Following the new law's passage — and combined with December's terror attack in San Bernardino — the number of gun permit requests in Mecklenburg County began to skyrocket. This put the county's sheriff in an awkward position. That's because the new law gave him only 14 days to approve or deny a permit request, despite the fact that it normally takes much longer than two weeks to thoroughly screen the mental health background of a permit applicant.

But according to WCNC-TV, the time constraint hasn't stopped Mecklenburg County Sheriff Irwin Carmichael from erring on the side of safety and approving permits beyond the 14-day limit — even if it means he's breaking the new law in order to arm people who are ultimately cleared to have the permits.

"So [the new law] kind of puts us in a dilemma," he told WCNC. "Do we go ahead and issue permits and let everyone know in 14 days or wait till we get all of this medical information back?
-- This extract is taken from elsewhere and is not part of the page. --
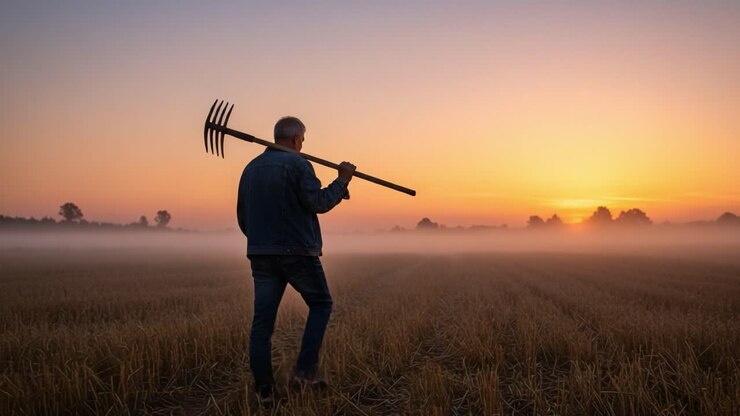 Una silhouette di un contadino che porta un forcone contro lo sfondo di un'alba mozzafiato, simboleggiando speranza, lavoro e la bellezza della vita rurale nella nebbia del primo mattino.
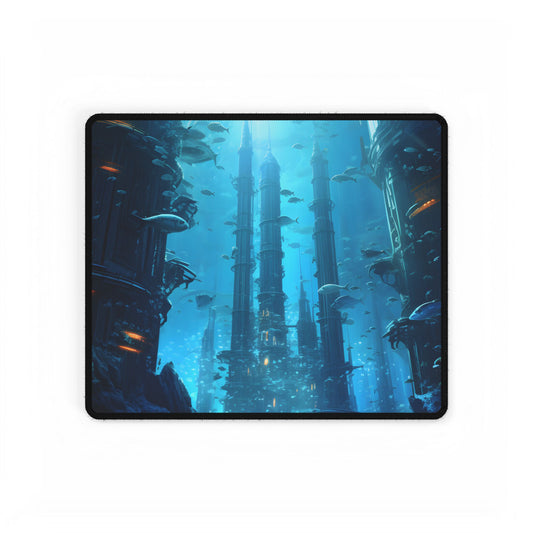 Underwater Future City: Submerged Metropol Artwork - Desk Mat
I’m always going to err on the side of safety."

Carmichael added, "We want to make sure the guns are in the right people’s hands and that’s why we have to have these checks." According to WCNC, what the sheriff is really trying to say is that his department is breaking the new law in order to keep the public safe.

Part of the problem, which has created the huge bottleneck, stems from the county's outdated record-keeping.

"So we have a limited database," Mecklenburg County Clerk Elsa Chinn-Gary told WCNC. "It requires us to actually go back to old microfilm, go back to CDs and actually go back to paper logs to look for names."

But the county's due diligence is very pragmatic. According to Hyatt, if the sheriff issues just one permit to a person who uses that gun for harm, due to mental health reasons, the county would be "crucified."

"The sheriff or the clerk of court, if they issue one document and they miss one person with a mental problem, they are going to be crucified," said Hyatt. "So they are really diligent trying to do it, but they don’t have a good way to do it. It’s a system that’s just not working."

There may be some relief on the way. State Sen. Jeff Tarte, one of the original bill's cheerleaders, said the legislature will look into the bill's unintended consequences during their next session, which is slated to begin in April.